Danışman Avukatlarımızdan Öykü Ergün’ün; “Hakem Kararlarının İcrası” başlıklı makalesine buradan ulaşabilirsiniz.

               HAKEM KARARLARININ İCRASI              

Öykü Ergün

İstanbul, Ocak 2024

GİRİŞ

Bu çalışmada öncelikle hakem kararlarının hukuksal niteliğinden bahsedilecek, daha sonrasında ise hem yabancı hakem kararlarının hem milli hakem kararlarının icra edilebilirliğine ilişkin bilgiler verilecektir. Milletlerarası tahkim ve ulusal tahkim ayrımı bu çalışma açısından önem arz etmektedir. Bu nedenle hakem kararlarının icra edilebilirliği derinlemesine incelenmeden önce milletlerarası tahkim ve ulusal tahkim ayrımını yapmak gerekir. Bu iki kavram mevzuatta ayrı ayrı işlenmektedir.

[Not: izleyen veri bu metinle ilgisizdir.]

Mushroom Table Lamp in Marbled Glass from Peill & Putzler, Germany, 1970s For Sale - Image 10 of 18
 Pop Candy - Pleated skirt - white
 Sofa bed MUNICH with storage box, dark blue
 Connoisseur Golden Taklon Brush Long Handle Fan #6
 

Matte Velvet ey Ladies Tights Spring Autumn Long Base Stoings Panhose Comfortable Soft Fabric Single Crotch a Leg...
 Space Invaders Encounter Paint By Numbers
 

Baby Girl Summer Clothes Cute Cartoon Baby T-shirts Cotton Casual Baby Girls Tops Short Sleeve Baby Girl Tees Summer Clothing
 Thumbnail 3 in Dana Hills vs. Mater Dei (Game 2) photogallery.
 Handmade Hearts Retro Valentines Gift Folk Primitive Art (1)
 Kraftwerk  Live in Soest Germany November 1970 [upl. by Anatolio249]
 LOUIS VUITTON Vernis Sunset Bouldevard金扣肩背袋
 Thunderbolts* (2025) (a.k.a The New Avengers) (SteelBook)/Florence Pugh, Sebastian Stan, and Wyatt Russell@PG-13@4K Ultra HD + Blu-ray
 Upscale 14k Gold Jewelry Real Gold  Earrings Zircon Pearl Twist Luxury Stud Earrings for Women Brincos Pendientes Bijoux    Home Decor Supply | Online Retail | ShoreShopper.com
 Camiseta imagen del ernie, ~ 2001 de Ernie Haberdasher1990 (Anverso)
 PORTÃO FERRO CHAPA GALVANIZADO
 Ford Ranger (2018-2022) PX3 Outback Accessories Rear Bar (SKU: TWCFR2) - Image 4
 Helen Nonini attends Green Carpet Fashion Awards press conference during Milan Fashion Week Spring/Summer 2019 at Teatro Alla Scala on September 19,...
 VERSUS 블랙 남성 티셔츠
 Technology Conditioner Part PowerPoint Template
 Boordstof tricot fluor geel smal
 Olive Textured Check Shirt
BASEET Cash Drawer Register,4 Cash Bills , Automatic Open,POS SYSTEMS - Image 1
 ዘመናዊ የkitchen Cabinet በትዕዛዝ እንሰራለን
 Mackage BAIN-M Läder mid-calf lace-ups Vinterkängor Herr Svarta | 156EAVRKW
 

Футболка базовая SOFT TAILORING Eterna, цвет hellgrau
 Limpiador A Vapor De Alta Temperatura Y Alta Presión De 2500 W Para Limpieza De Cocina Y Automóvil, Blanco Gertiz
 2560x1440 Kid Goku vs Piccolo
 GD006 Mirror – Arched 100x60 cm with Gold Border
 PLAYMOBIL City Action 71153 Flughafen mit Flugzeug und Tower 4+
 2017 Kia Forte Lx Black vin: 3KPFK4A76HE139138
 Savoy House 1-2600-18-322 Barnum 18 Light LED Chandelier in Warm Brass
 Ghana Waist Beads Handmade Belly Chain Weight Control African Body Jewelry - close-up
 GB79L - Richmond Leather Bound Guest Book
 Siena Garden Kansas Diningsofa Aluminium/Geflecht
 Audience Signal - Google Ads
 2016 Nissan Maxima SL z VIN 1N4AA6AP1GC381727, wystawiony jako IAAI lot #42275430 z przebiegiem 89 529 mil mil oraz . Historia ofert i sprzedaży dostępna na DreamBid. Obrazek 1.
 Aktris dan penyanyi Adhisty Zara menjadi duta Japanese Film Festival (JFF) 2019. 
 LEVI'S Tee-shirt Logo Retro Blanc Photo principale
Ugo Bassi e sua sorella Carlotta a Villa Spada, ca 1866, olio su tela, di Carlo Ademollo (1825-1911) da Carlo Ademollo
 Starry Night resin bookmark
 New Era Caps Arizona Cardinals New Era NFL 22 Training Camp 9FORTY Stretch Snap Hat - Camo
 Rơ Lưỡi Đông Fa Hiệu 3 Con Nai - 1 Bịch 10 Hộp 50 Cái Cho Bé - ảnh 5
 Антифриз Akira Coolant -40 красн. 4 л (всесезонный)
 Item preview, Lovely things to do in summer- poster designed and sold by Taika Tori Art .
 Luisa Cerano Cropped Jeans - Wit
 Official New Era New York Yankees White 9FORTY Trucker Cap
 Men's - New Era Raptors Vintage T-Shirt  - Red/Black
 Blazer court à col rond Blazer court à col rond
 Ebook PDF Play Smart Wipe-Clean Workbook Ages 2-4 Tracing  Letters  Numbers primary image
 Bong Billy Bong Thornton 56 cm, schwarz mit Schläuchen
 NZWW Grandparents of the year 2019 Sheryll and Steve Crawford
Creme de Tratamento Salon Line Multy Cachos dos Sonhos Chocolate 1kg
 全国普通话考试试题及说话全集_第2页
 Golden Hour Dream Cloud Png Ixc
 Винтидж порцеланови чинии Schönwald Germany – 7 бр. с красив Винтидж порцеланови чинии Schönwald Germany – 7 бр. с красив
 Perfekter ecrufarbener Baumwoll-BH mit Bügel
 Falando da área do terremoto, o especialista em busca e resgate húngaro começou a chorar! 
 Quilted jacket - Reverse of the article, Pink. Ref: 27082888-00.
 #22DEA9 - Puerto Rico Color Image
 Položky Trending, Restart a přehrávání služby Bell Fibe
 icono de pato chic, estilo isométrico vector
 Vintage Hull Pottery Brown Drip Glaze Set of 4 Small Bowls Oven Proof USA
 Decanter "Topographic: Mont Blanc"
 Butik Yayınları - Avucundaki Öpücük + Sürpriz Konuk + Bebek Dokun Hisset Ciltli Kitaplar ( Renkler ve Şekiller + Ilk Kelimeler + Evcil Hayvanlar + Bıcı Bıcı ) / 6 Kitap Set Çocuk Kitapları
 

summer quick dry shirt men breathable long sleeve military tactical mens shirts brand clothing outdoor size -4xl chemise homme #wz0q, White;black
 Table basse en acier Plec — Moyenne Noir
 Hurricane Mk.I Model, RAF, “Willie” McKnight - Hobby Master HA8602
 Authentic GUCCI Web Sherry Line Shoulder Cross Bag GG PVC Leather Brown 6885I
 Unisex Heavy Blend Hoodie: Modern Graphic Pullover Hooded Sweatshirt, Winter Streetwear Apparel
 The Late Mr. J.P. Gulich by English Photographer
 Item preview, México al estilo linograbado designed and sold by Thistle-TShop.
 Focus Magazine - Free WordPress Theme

Milletlerarası Tahkim Kanunu (“MTK”) yabancılık unsuru taşıyan ve tahkim yerinin Türkiye olarak belirlendiği veya bu Kanun hükümlerinin taraflar ya da hakem veya hakem kurulunca seçildiği uyuşmazlıklar hakkında uygulanır. Yabancılık unsuru ise aynı Kanun’un 2. maddesinde aşağıdaki şekilde tanımlanmıştır;

Aşağıdaki hâllerden herhangi birinin varlığı, uyuşmazlığın yabancılık unsuru taşıdığını gösterir ve bu durumda tahkim, milletlerarası nitelik kazanır.

1. Tahkim anlaşmasının taraflarının yerleşim yeri veya olağan oturma yerinin ya da işyerlerinin ayrı devletlerde bulunması.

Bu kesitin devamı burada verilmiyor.